▸ TRY IT:
Please write out exactly the lines from the one with "Desk American retro" through the end of the data below, both ends included, and omit any pictures.

▸ Entries taken from a collection:
■ ■ ■

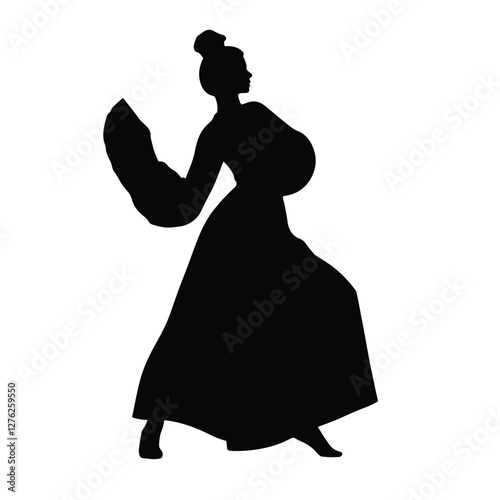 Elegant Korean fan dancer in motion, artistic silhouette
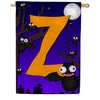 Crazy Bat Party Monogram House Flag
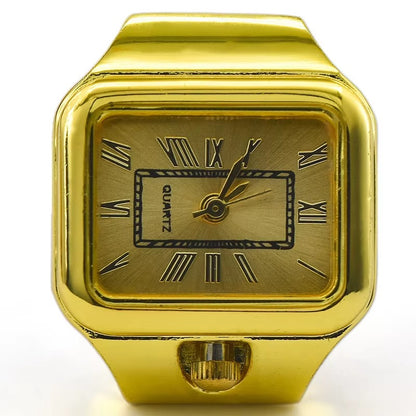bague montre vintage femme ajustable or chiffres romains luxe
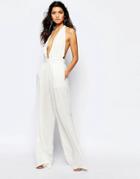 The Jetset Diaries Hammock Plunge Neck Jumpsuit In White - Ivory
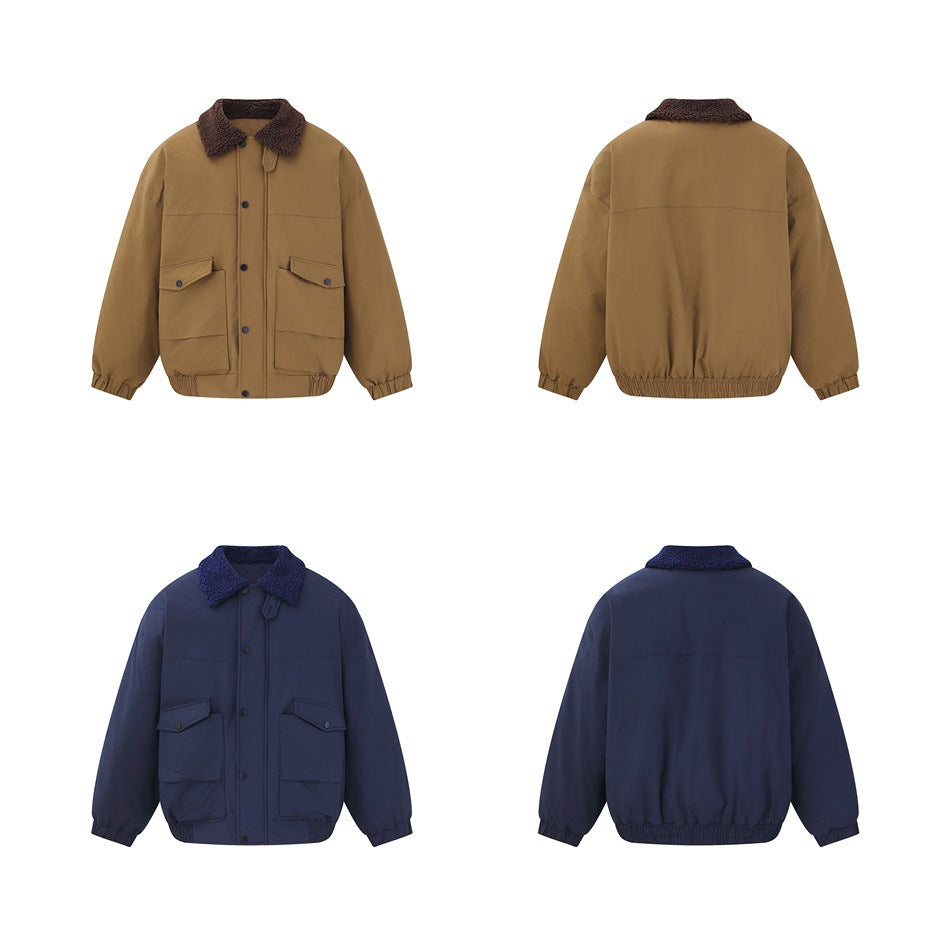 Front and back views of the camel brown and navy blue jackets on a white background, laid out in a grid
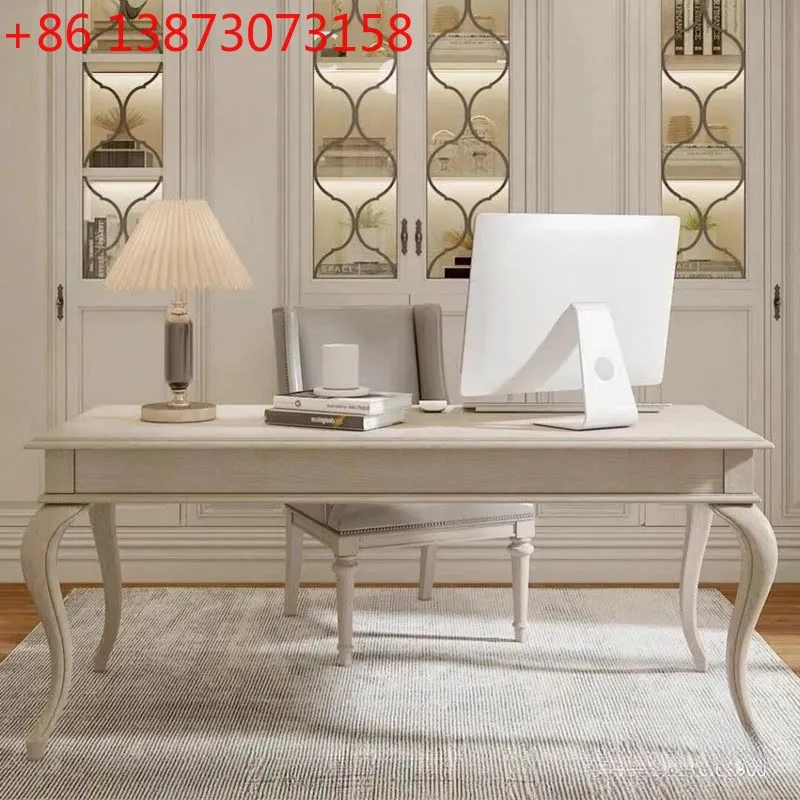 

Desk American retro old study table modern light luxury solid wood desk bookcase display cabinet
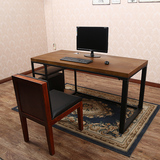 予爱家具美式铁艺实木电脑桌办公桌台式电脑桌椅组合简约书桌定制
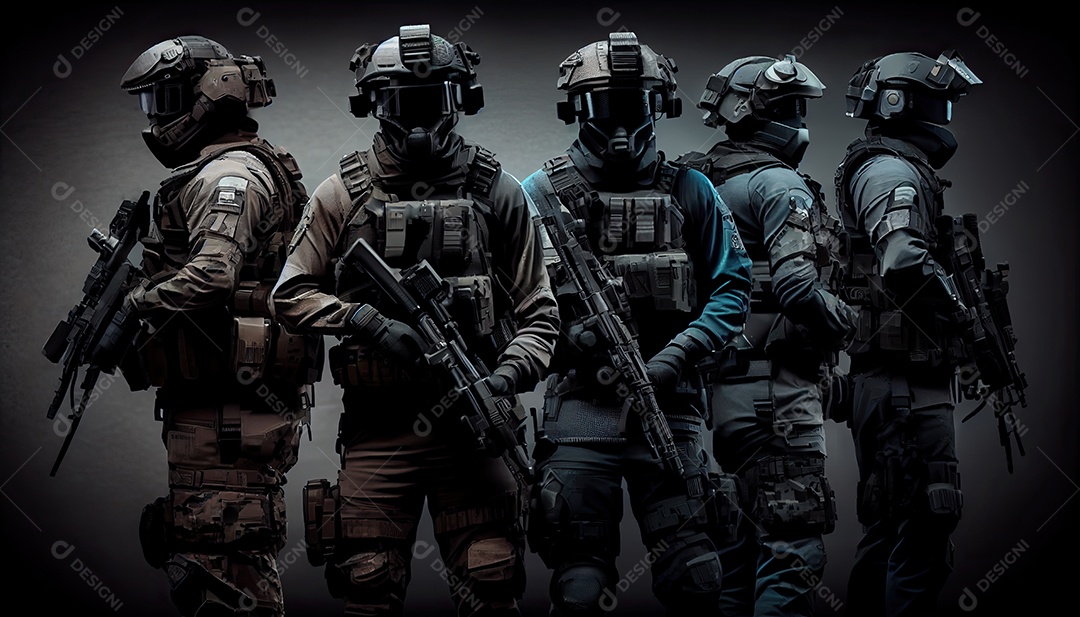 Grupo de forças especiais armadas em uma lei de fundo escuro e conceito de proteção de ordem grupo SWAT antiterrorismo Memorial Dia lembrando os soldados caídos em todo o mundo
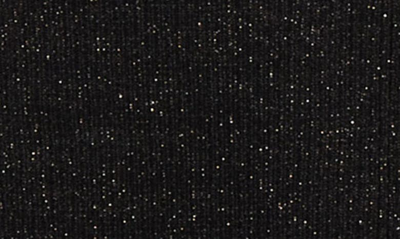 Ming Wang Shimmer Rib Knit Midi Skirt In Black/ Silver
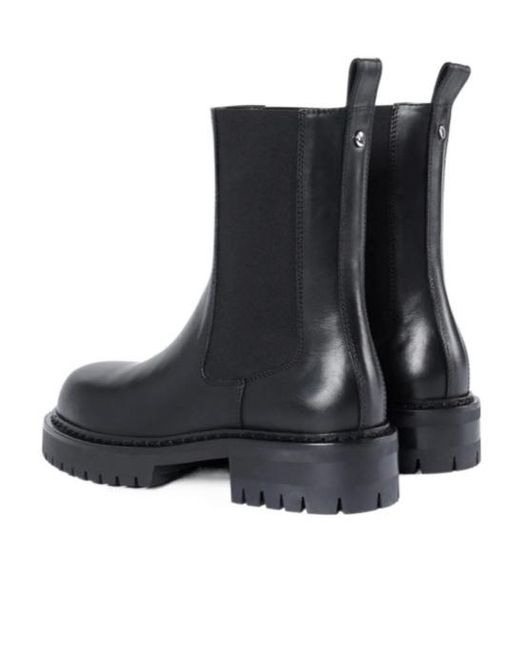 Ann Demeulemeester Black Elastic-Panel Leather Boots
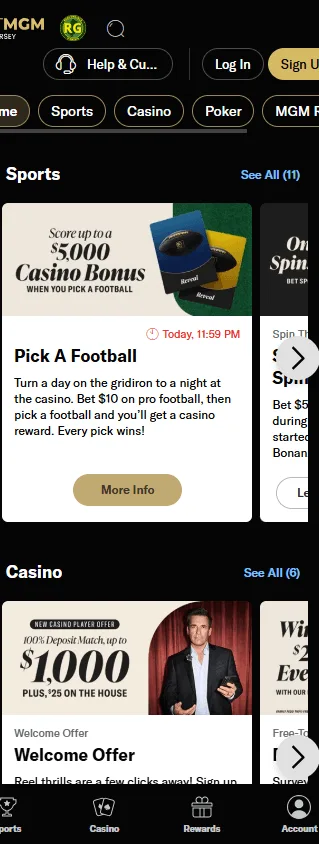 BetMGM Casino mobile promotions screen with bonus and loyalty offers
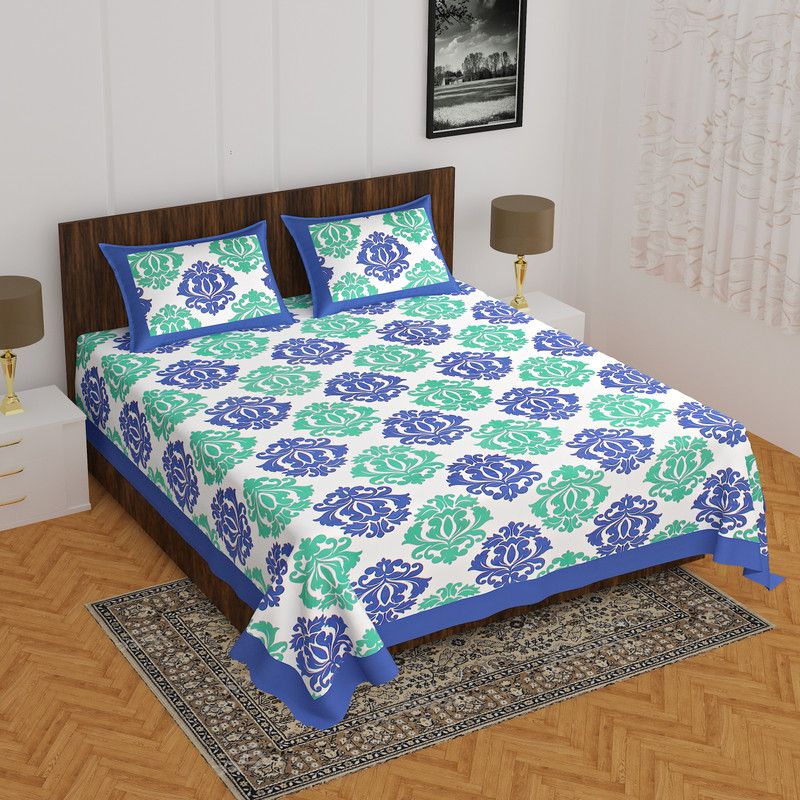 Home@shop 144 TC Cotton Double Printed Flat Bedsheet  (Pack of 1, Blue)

■ ■ ■

▸ RESPONSE TO THE EXERCISE:
Desk American retro old study table modern light luxury solid wood desk bookcase display cabinet
 予爱家具美式铁艺实木电脑桌办公桌台式电脑桌椅组合简约书桌定制
 Grupo de forças especiais armadas em uma lei de fundo escuro e conceito de proteção de ordem grupo SWAT antiterrorismo Memorial Dia lembrando os soldados caídos em todo o mundo
 Ming Wang Shimmer Rib Knit Midi Skirt In Black/ Silver
 Ann Demeulemeester Black Elastic-Panel Leather Boots
 BetMGM Casino mobile promotions screen with bonus and loyalty offers
 Home@shop 144 TC Cotton Double Printed Flat Bedsheet  (Pack of 1, Blue)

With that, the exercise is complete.